> On Jun 17, 2020, at 4:13 PM, Brian Goetz <[email protected]> wrote:
> 
>> - Where necessary (depending on the operations being performed), the 
>> compiler generates conversions between 'I' and 'java/lang/Integer$val'. 'I' 
>> is preferred wherever possible.
> 
> We have to use QInteger$val whenever we use int as a type parameter, the rest 
> of the time, we can use I.  

Right.

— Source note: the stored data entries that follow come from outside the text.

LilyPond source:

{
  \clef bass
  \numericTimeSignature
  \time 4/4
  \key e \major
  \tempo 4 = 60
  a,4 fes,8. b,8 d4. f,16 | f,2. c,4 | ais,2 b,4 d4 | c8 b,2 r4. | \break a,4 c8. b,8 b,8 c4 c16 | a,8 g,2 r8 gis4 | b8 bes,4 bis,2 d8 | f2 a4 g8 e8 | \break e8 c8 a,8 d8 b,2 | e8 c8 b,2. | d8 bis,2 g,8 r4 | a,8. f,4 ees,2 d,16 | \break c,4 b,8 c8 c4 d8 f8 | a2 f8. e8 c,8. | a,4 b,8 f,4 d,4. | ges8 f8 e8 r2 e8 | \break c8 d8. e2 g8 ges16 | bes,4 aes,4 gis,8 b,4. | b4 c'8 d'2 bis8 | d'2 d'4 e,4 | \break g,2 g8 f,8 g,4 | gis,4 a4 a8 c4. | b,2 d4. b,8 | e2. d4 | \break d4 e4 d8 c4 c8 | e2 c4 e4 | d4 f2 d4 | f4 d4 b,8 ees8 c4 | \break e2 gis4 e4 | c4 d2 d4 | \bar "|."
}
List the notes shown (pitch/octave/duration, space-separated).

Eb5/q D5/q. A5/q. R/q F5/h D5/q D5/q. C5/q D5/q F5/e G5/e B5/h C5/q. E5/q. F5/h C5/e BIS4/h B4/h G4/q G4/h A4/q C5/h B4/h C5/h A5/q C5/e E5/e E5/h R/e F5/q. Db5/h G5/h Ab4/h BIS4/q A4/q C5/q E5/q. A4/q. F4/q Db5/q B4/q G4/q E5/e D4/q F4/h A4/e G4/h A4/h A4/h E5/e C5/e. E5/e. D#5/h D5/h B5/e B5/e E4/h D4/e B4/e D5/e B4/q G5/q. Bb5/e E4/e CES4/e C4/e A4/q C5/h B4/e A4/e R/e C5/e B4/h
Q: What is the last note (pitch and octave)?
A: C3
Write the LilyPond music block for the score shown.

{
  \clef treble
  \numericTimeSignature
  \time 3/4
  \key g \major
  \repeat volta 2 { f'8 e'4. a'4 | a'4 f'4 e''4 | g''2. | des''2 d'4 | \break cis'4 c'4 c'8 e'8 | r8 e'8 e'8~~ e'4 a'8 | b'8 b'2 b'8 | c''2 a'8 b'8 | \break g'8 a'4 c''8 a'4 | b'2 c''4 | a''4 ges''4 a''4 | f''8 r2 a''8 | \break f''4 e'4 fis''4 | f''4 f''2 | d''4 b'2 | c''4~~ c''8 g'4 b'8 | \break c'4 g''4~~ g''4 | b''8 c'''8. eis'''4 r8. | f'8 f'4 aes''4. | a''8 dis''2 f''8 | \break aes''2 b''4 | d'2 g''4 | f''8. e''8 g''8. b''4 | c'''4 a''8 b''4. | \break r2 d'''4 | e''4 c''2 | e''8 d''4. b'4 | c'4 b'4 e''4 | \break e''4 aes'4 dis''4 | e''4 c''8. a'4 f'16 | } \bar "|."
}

Specifically, if we support inline types as type arguments before we get 
to specialization, we'll use erasure, which looks like:

new java/util/ArrayList;
// dup, init
astore 1

aload 1
iconst_0
invokestatic Qjava/lang/Integer$val;.<new>(I)Qjava/lang/Integer$val; // <-- 
conversion
invokevirtual java/util/ArrayList.add:(Ljava/lang/Object;)Z
pop

aload1
iconst_0
invokevirtual java/util/ArrayList.get(I)Ljava/lang/Object;
checkcast Qjava/lang/Integer$val;
invokevirtual Qjava/lang/Integer$val;.intValue()I  // <-- conversion

And then there's also instance method invocations:

iconst_0
invokestatic Qjava/lang/Integer$val;.<new>(I)Qjava/lang/Integer$val; // <-- 
conversion
invokevirtual Qjava/lang/Integer$val;.floatValue()F

(Note that none of these conversions are "boxing" or "unboxing". They're 
strictly compilation artifacts. It may be useful to come up with a new word for 
them.)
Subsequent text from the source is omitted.